Motorfabrikant Ilmor heeft zich aangemeld om de goedkope standaardmotor te construeren die de FIA en Bernie Ecclestone in 2017 in de Formule 1 willen introduceren. Dat verklaart eigenaar Mario Illien.

Als alternatief voor de dure 1.6-liter V6 hybride turbokrachtbronnen waar momenteel mee wordt gereden, willen de FIA en Ecclestone vanaf 2017 een klantenmotor introduceren. Het gaat daarbij om een 2.5-liter V6-(bi)turbomotor, welke idealiter door een onafhankelijke fabrikant geconstrueerd wordt, om zo ook gelijk de macht van motorfabrikanten met fabrieksteams – zoals Ferrari en Mercedes – in te perken.

De FIA heeft onlangs de inschrijving voor het leveren van de standaardmotor geopend en Ilmor-eigenaar Illien vertelt nu aan Auto, Motor und Sport dat zijn firma zich als kandidaat heeft gemeld. “We hebben ons ingeschreven”, bevestigt de Zwitser. Ilmor is niet de enige partij die zich heeft gemeld, AER – dat de GP3-motoren maakt en krachtbronnen voor in de endurance-racerij – heeft dat ook gedaan. Cosworth is afgehaakt.

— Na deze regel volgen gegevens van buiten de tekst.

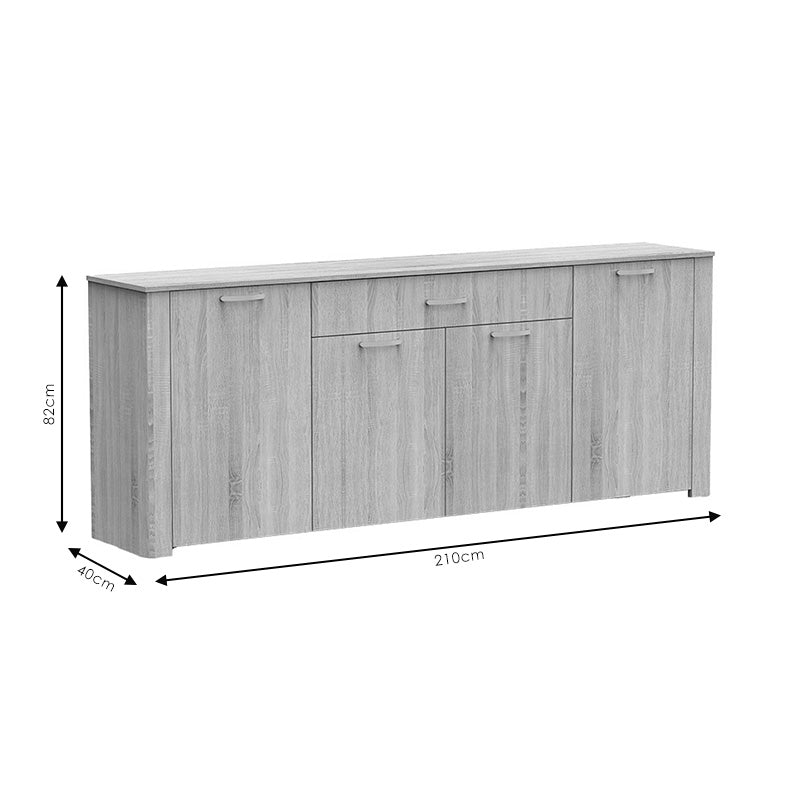 Μπουφές Kinley σε ανθρακί-wenge απόχρωση 210x40x82εκ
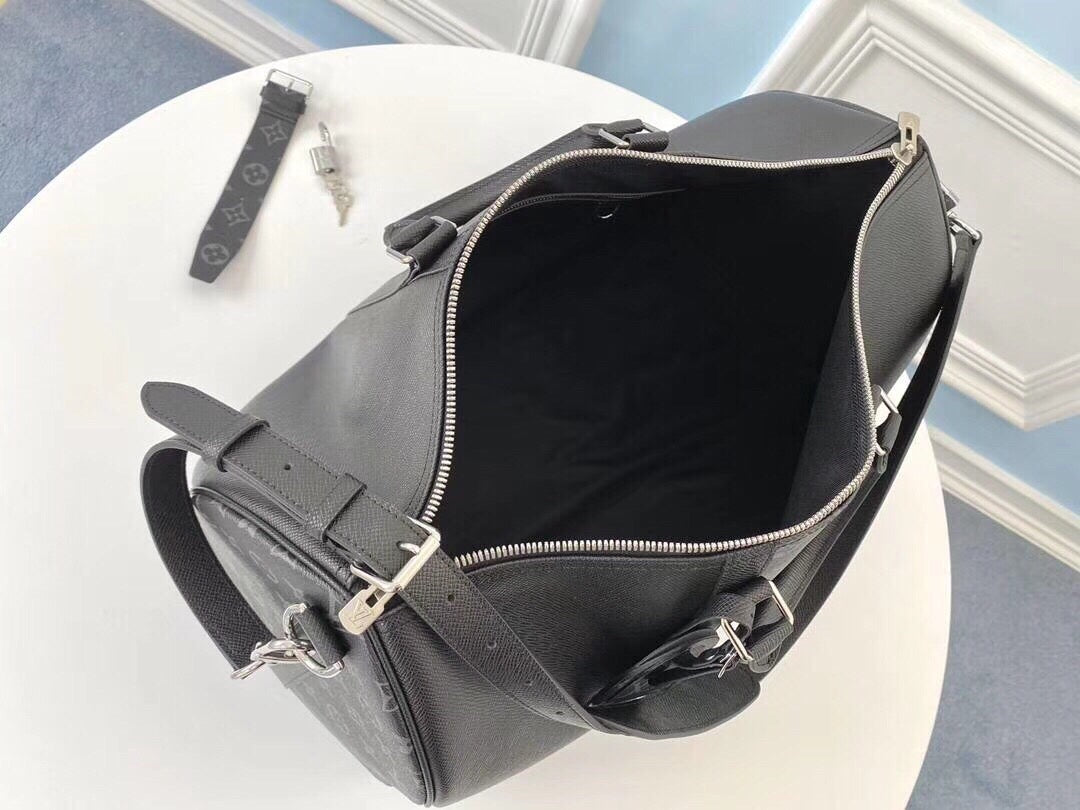KEEALL Premium 45cm Travel Bag with Taiga Leather Cross Texture - Detachable Shoulder Strap & Full Packaging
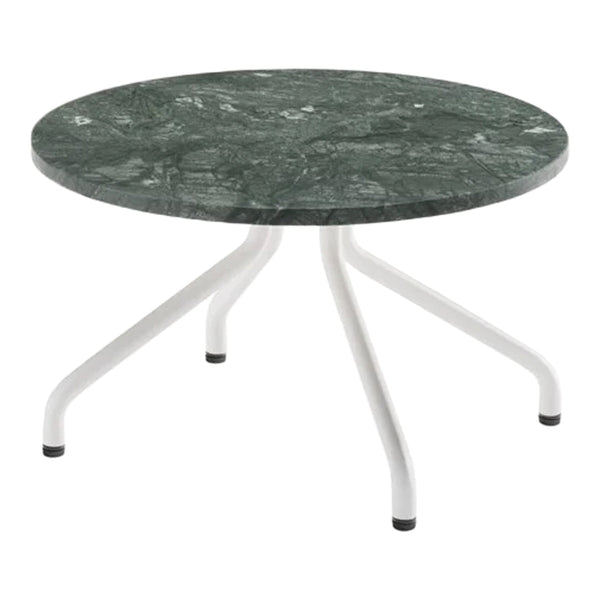 Round green marble tabletop with a subtle pattern, supported by white metal legs. Ideal for modern decor.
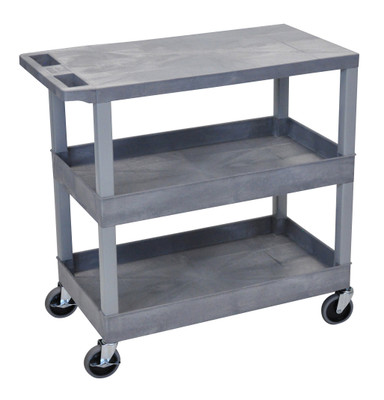 Luxor Workspaces 18X32 Flat/Tub/Tub Cart, Gray (EC211-G)
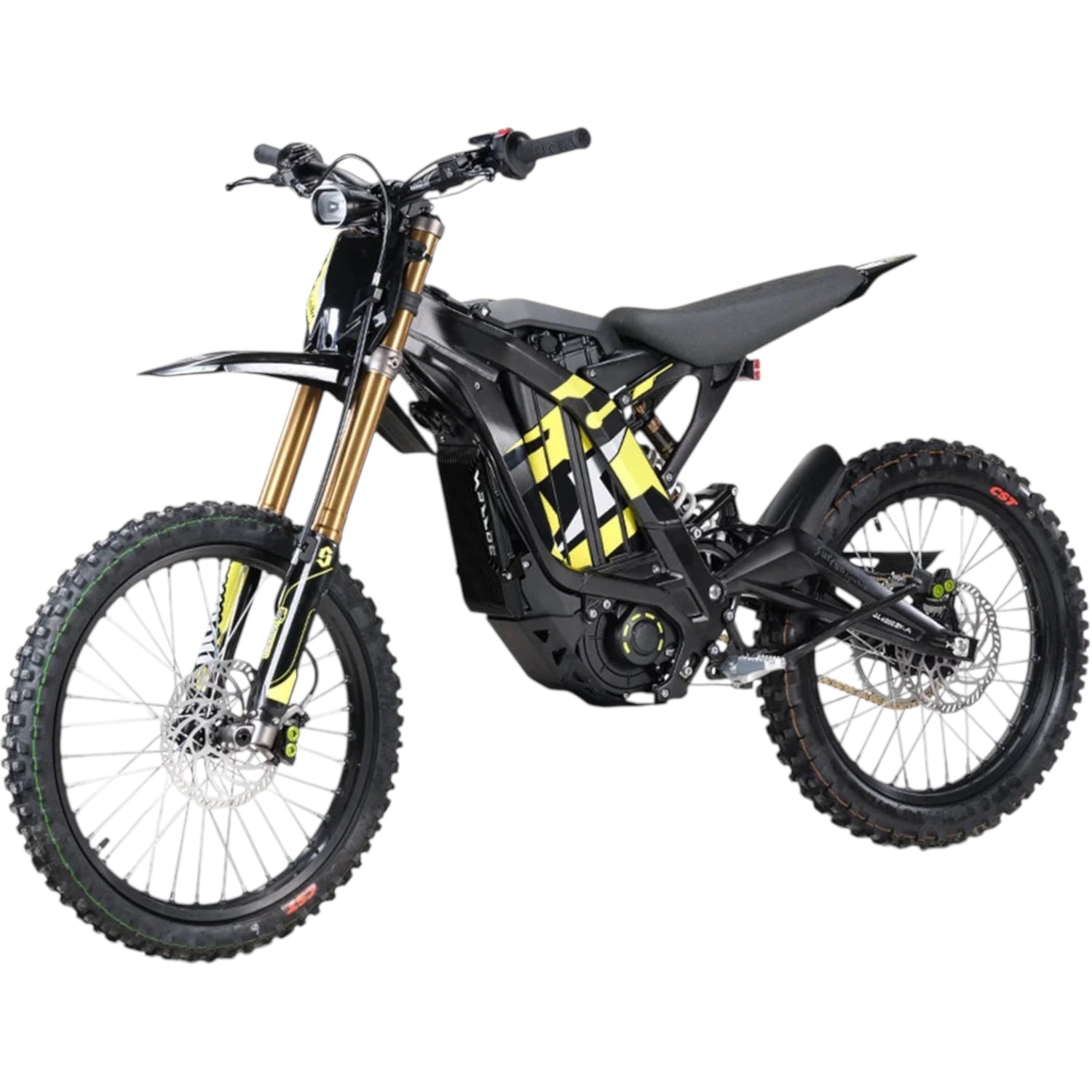 Black electric dirt bike with yellow accents and off-road tires on white background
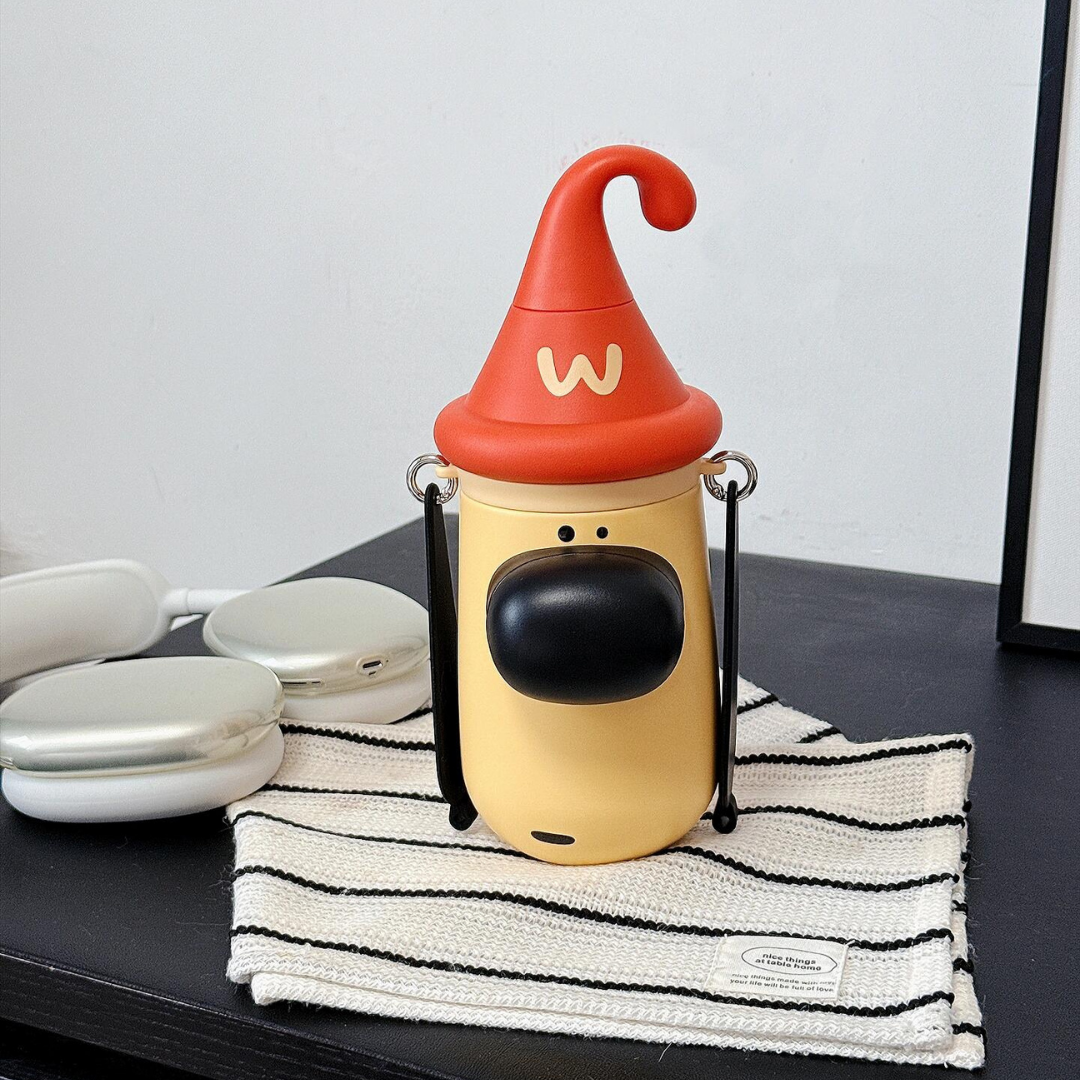 Stainless Steel Water Bottle, Straw & Strap, Gifts for Kids and Young (Puppy)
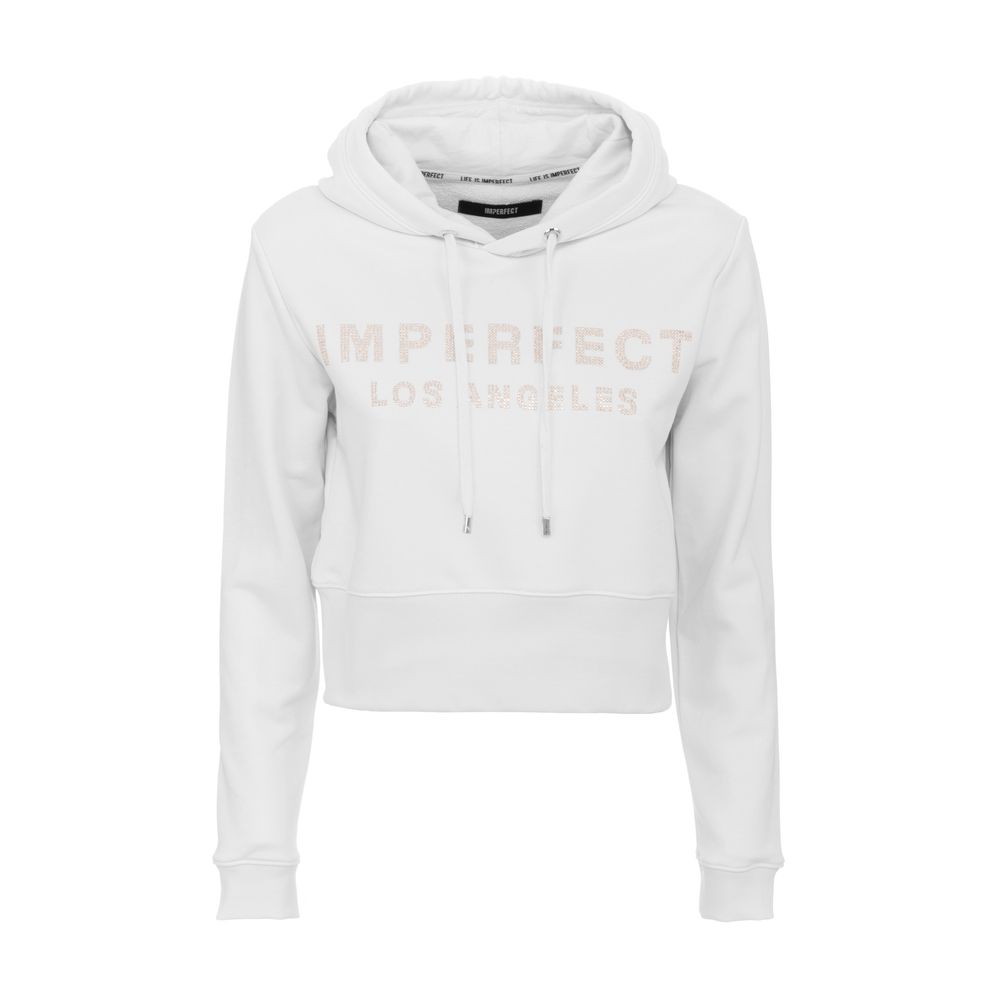 <tc>Imperfect</tc> Εκθαμβωτικό λογότυπο Rhinestone White Hoodie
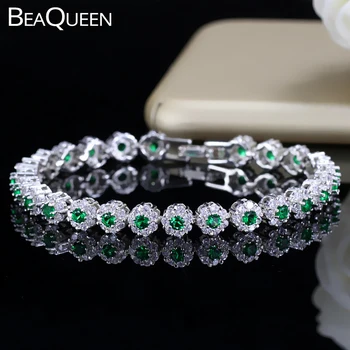 BeaQueen Trendy Green and White Cubic Zirconia Stone Silver Color Tennis Bracelets Dress…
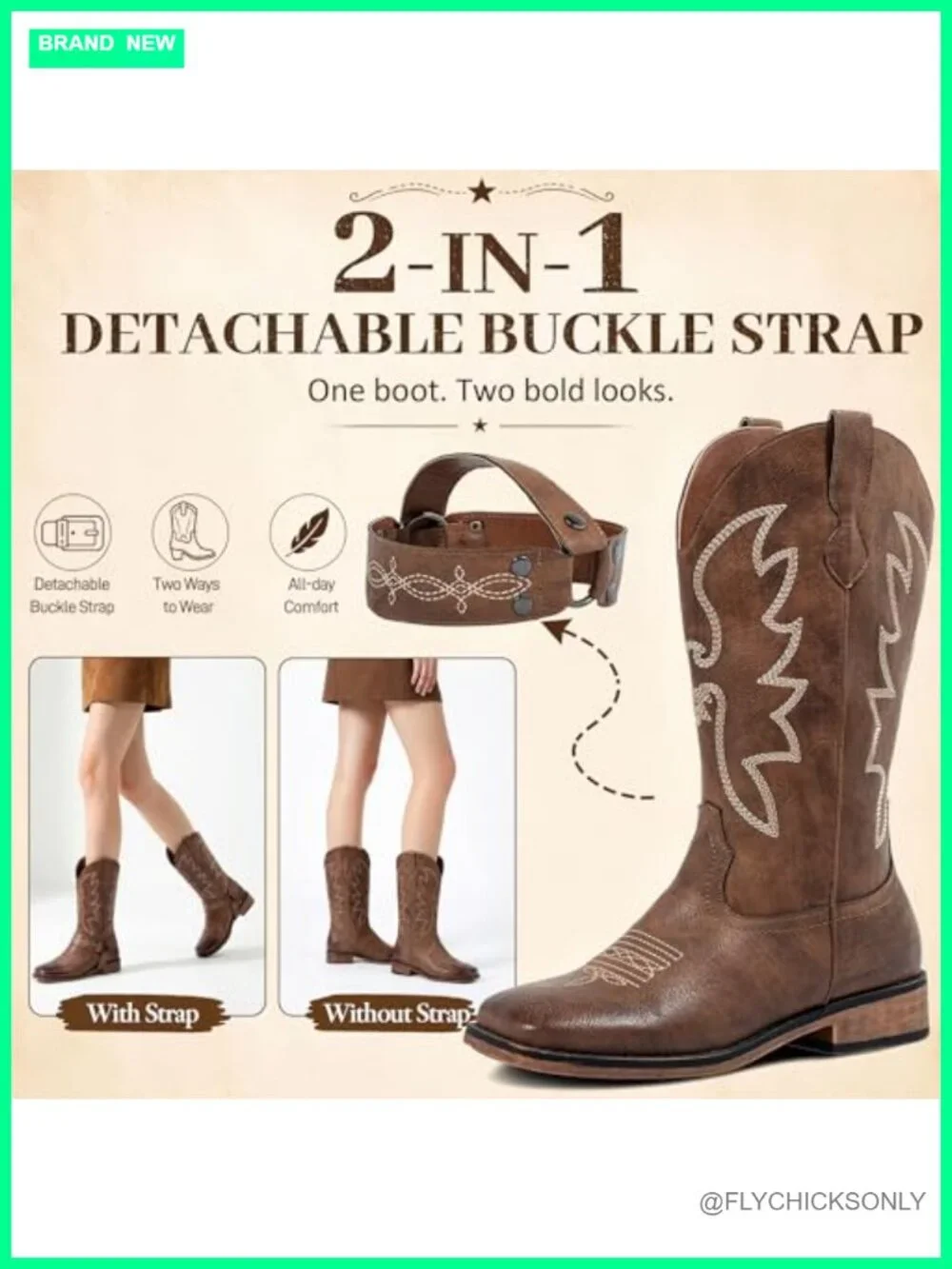 Square Toe Mid Calf Western Cowgirl Boots with Removable Buckle Strap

Ilmor werd al eerder genoemd als logische kandidaat, omdat het Indycar-motoren voor Chevrolet maakt en dit 2.2-liter V6-twinturbokrachtbronnen zijn. Het aanpassen hiervan zou niet al te veel tijd en geld moeten kosten, stelt Auto, Motor und Sport. Uiteindelijk wil de FIA een 2.5-liter turbo- of biturbo-motor hebben die minstens 870 pk produceert, niet meer dan 135 kilo weegt en maximaal zes miljoen euro per jaar kost.

De huidige motorleveranciers zijn niet bepaald enthousiast over het plan voor een goedkope klantenmotor. De FIA en Ecclestone maken er echter serieus werk van omdat de huidige motorfabrikanten een voorgestelde prijslimiet voor hun motoren hebben geweigerd. De inschrijving voor de standaardmotor staat open tot 23 november. Een beslissing kan begin december worden verwacht, meldt Auto, Motor und Sport.

Renault
Ilmor en Illien worden de laatste tijd overigens ook geregeld in verband gebracht met het geplaagde Renault. De Zwitser en zijn firma zouden de Fransen wel eens kunnen gaan helpen, zo luidt het. Ilmor zelf ontkende dat aanvankelijk. Nu Renault-topman Cyril Abiteboul ten overstaan van Motorsport.com echter heeft verklaard open te staan voor hulp van buitenaf, houdt Illien het bij ‘geen commentaar’: “Zolang er niets is beslist, zeg ik er niks over.”